Feature #16559
openNet::HTTP#request injects "Connection: close" header if #started? is false, wasting HTTP server resources
Description
Hello,
There appears to be a bug in Net::HTTP#request (and thus #get, #post, etc.) on an instance that isn't explicitly started by the programmer (by invoking #start first, or by executing #request inside a block passed to #start).
Inspecting the source code, it reveals #request will recursively call itself inside a #start block if #started? is false. This is great and as I'd expect.

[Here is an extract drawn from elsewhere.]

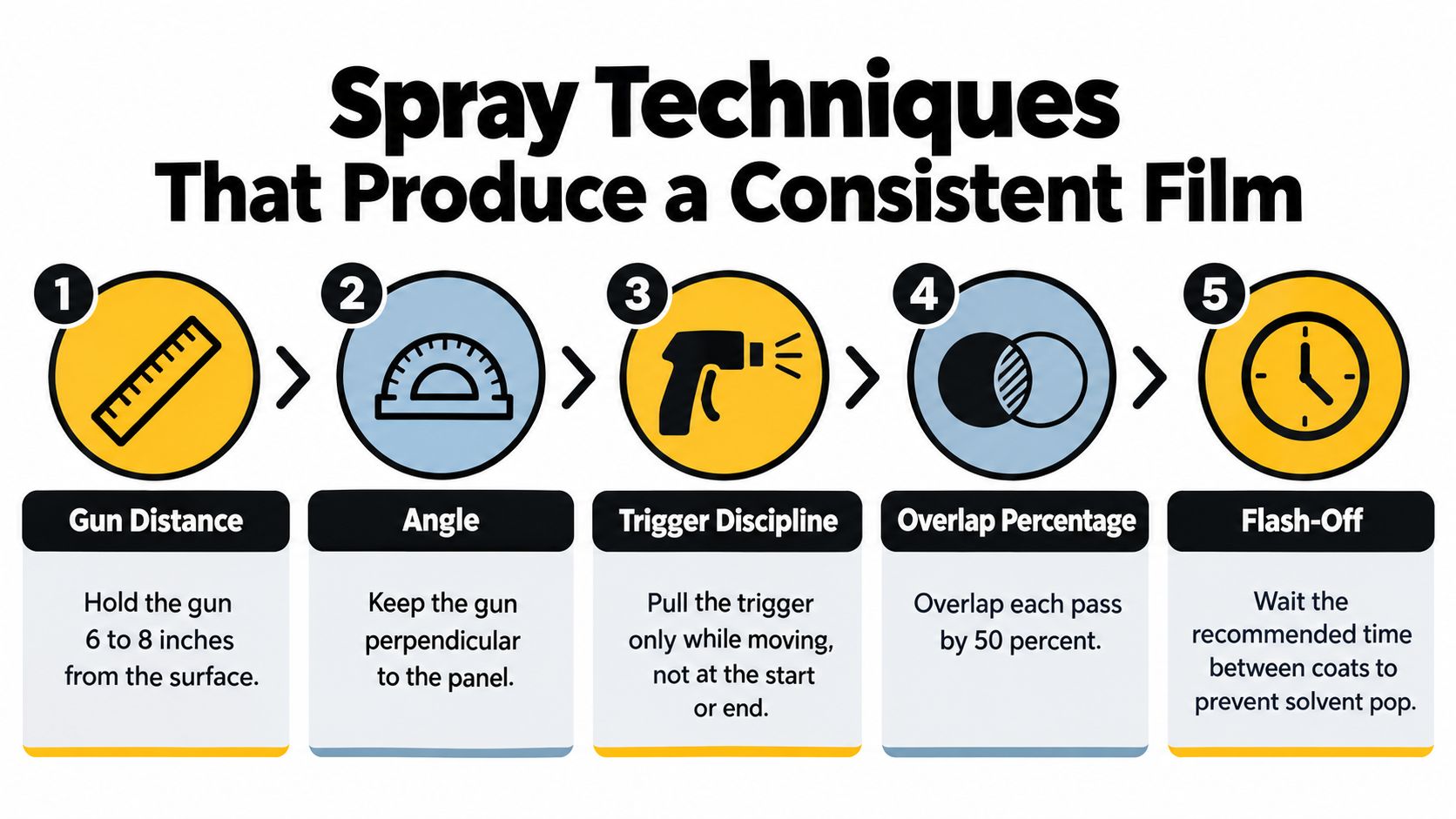 An infographic showing five essential spray painting techniques for achieving a smooth and consistent paint film.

However in production and in a test setup I'm observing TCP socket connections on the server-side in the "TIME_WAIT" state, indicating the socket was never properly closed. Conversely, explicitly running #request inside a #start block yields no such behaviour.
Consider the following setup, assuming you have docker:
docker run --rm -it -p 8080:80/tcp --user root ubuntu
apt-get update && apt-get install net-tools watch nginx
service nginx start
watch 'netstat -tunapl'
Running this on your host machine:
net = Net::HTTP.new('localhost', 8080)
50.times { net.get('/') } # is bad
Will spawn 50 TCP connections on the server, and will all have on TIME_WAIT for 60 seconds (different *nix OSes have different times):
Every 2.0s: netstat -tunapl
Active Internet connections (servers and established)

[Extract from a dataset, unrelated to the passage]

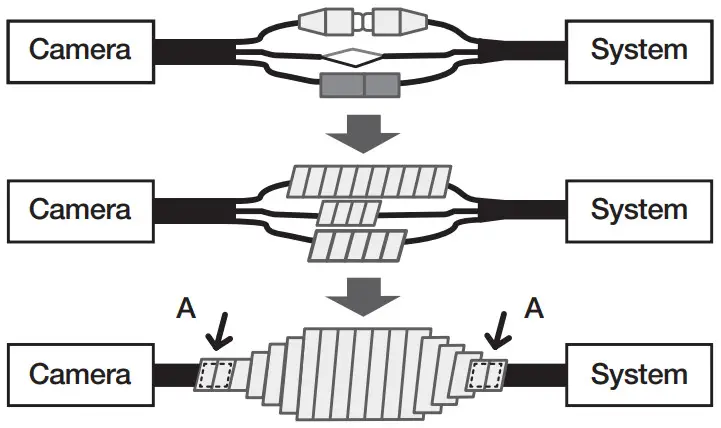 WISeNeT TNU 6321 Network Camera - cable jacket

Proto Recv-Q Send-Q Local Address Foreign Address State PID/Program name
tcp 0 0 0.0.0.0:80 0.0.0.0:* LISTEN 791/nginx: master p
tcp 0 0 172.17.0.2:80 172.17.0.1:60772 TIME_WAIT -
tcp 0 0 172.17.0.2:80 172.17.0.1:60732 TIME_WAIT -
tcp 0 0 172.17.0.2:80 172.17.0.1:60812 TIME_WAIT -
tcp 0 0 172.17.0.2:80 172.17.0.1:60778 TIME_WAIT -
...
However running any of these incantations have no such result:
50.times { Net::HTTP.get(URI('http://localhost:8080/')) } # is OK
net = Net::HTTP.new('localhost', 8080)
net.start
50.times { net.get('/') } # is OK
net.finish
net = Net::HTTP.new('localhost', 8080)
50.times { net.start { net.get('/') } } # is OK
These TIME_WAIT connections matter because a server receiving many HTTP requests from clients using Net::HTTP in this fashion (as Faraday does1) the server will begin to oversaturate and timeout past a particular scale.
I've tested and reproduced this in 2.7 and 2.6.